Today, all four siblings still play music. Frank, for example, appears as a guitarist on Miranda Lambert’s Weight of These Wings album and added background vocals to releases by Lee Ann Womack, Aubrie Sellers and Charlie Worsham. Amber-Dawn went on to join husband-and-wife duo BAD Nicholas, and Scarlett has played mandolin on Third Man releases and co-wrote songs for her kid sister’s LP. A talented singer, sister McKenna Grace adds backup vocals to some of Lillie Mae’s songs.

As the family business shuttered its doors, other doors opened for Lillie Mae. Jack White just happened to need a fiddle player, and Hedley suggested the right woman for the job. “I never would have done that if Jypsi was still together,” she says. “If our family had still done the label thing, I never would’ve took a gig with someone else.”

In White’s inner-circle of studio and touring musicians, she played on numerous projects, including albums, singles, and soundtracks, with a wide array of players from different genres and walks of life. Just looking at the country material from her time there, she played on records with both Dwight Yoakam and Willie Nelson. Both look better on a discography than her lone big label-era team-up with Montgomery Gentry.
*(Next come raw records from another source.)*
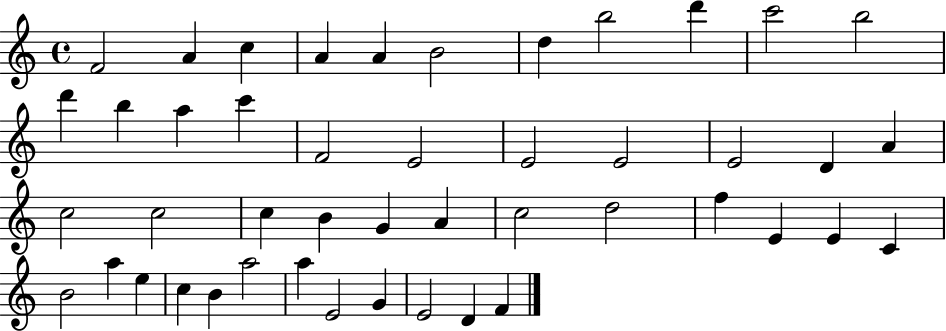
{
  \clef treble
  \time 4/4
  \defaultTimeSignature
  \key c \major
  f'2 a'4 c''4 | a'4 a'4 b'2 | d''4 b''2 d'''4 | c'''2 b''2 | \break d'''4 b''4 a''4 c'''4 | f'2 e'2 | e'2 e'2 | e'2 d'4 a'4 | \break c''2 c''2 | c''4 b'4 g'4 a'4 | c''2 d''2 | f''4 e'4 e'4 c'4 | \break b'2 a''4 e''4 | c''4 b'4 a''2 | a''4 e'2 g'4 | e'2 d'4 f'4 | \break \bar "|."
}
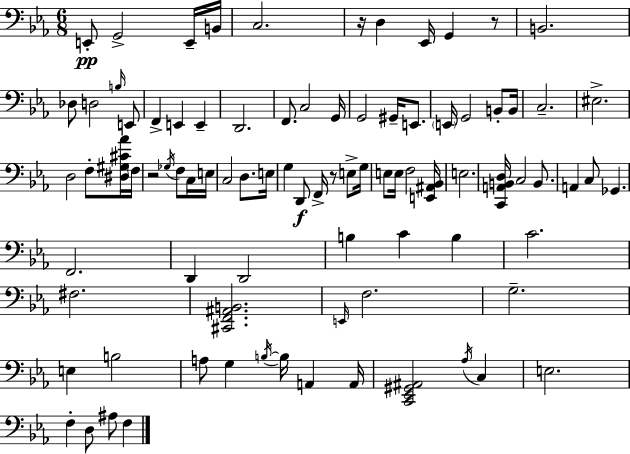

Through this role as a side player, Lillie Mae’s talents as a vocalist and songwriter first impressed her future label boss. “He just heard me dicking around, playing songs backstage for friends,” she says. “I was comfortable enough to pull out a guitar and play whatever, or maybe I was just younger.”

The mental image of Lillie Mae just spontaneously jamming while hanging around other musicians resembles what she might’ve seen at late-night picking sessions at bluegrass festivals. Perhaps a means of sharing songs she witnessed as a child is what gave her that boldness to unexpectedly break out in song.

Once the time came for Lillie Mae to record with White, she’d compiled the impressive body of songs that became 2017’s Forever and Then Some. From the more traditional-sounding “To Go Wrong” to blues-rocker “Over the Hill and Through the Woods,” she steps to the forefront as a promising singer and songwriter. It’s not a bluegrass album by any means. Instead, the youngest member of the traveling Rische family uses a lifelong education in old-fashioned picking to inform her developing talents as a writer of the sort of genre-defying, roots-inspired new sounds that’re fending off Americana fatigue.

Although it’s tempting to hone in on the more depressing themes on the album, the only specific reference point Lillie Mae makes regarding her songwriting goals is Pharrell Williams’ “Happy,” of all things. She first heard it at Lucinda Williams’ house and was grabbed right away by its message. “We live in a crazy world, and those little positive glimpses are so important,” she says.

Having her name on the album spine changes things, even if the pressure is all internal. The spotlight isn’t something to fear or shun for Lillie Mae, as it comes along with having a means to share her own songs. “I’ll be doing that always,” she says of fronting a band. “It’s just a different thing. It’s a different project. I have to play my music. I have to write it and play it. It’s an obligation in my life. I’d never be happy as just a sideman. I was always an equal member of a band or whatever.”

Even if White comes calling with a touring project or someone else in Nashville needs a fiddler for lengthy road trip, that won’t stop the creation of new music released under the name Lillie Mae. “If I went out and played with somebody for a year or two years, by God I’d be writing my own songs on the side,” she says. “It doesn’t matter. I’d be doing it anyway because it’s the number one priority.”